The bear market of 2022 has been brutal for the entire digital asset industry, with prices drawing down over 75% from the ATH for both BTC and ETH. In this piece, we take a big picture view of the big events and trends from an on-chain data perspective.
Bitcoin
Bitcoin spot prices fell below the Realized Price (currently ~$20k) in mid-June, which is often considered the aggregate cost basis of the market. This indicates that the average BTC investor is underwater on their holdings, and has been for 143-days so far. Both in scale and duration, this is now on par with prior bear markets.
We can assess the rolling yearly sum of realized profit and loss. Here we can see that the 2022 bear has resulted in over -$213B in realized losses, indicating the market has given back 46.8% of the $455B in profits taken in 2020-21. Most of it followed the failures of LUNA, 3AC and FTX.
However, even with the prevailing bearish trend in play, the proportion of BTC supply held by Long-term holders (LTHs) is near all-time highs. In the wake of the FTX collapse, LTH supply declined by just 1.3%, which suggests that HODLer conviction remains remarkably intact. LTHs currently hold 82.2% of the supply, with 34.87% of it held at an unrealized loss.
Ethereum
For Ethereum, there was a brief moment of bear market relief, as The Merge took place on 15-September. This chart presents the mean and median block interval throughout 2022. We can clearly see where the probabilistic, and naturally variable PoW mining came to an end, and switched over to the consistent 12-second blocktime of PoS. Also notable is the activation and defusing of the fifth and final difficulty bomb in June.
With the Merge came a significant drop in the ETH issuance rate, falling to around 0.5% per year on a nominal basis.

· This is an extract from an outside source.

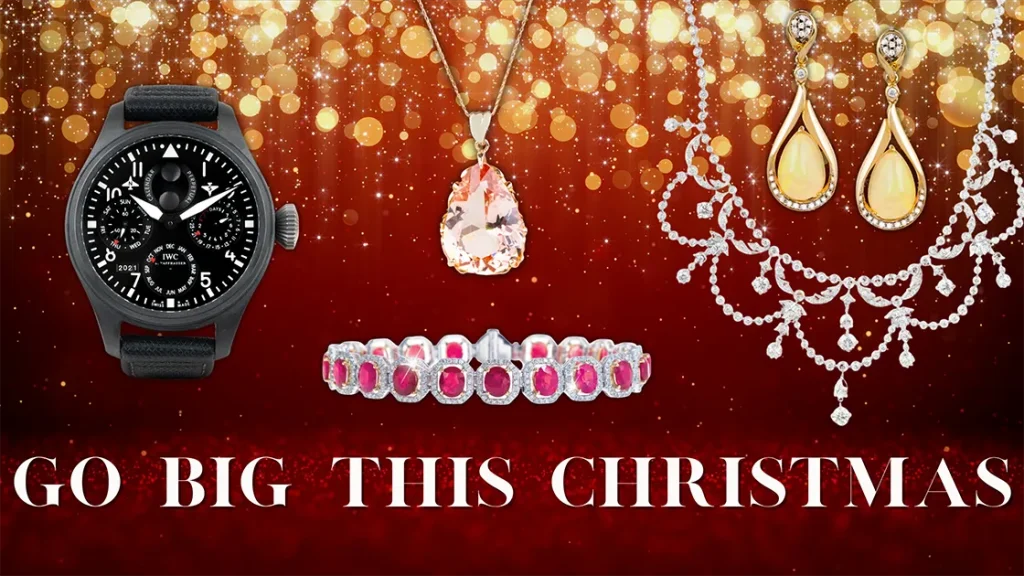 Various extravagant accessories on a red and gold glitter background with text “Go Big
This Christmas”.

However with EIP1559, much of the new supply is offset by a burn mechanism, resulting in just 1,245 new ETH entering circulation since. This compares to approximately 1.04M ETH that would have been issued under the previous monetary policy.
Stablecoins
Stablecoins have become a cornerstone asset of the industry since 2020, with 3 of the top 6 assets by market cap being stablecoins. Total stablecoin supply peaked at $161.5B in March 2022, however has since seen large scale redemptions of over $14.3B.
Like realized losses, this reflects net capital outflows from the space, however is also just 8% of the peak, suggesting a majority of capital remains.
With 2022 drawing to a close, we can assess the large scale trends occurring in on-chain data. The majority of the year has been dominated by bearish sentiment, capital outflows, and several high profile failures of centralized entities.
The result is Bitcoin and Ether trading below their respective Realized Prices, $14.3B in stablecoin outflows, and 75% price drawdowns for BTC and ETH.
Despite this however, Bitcoin HODLers remain remarkably high in their conviction, and Ethereum successfully completed the long awaited engineering feat of The Merge.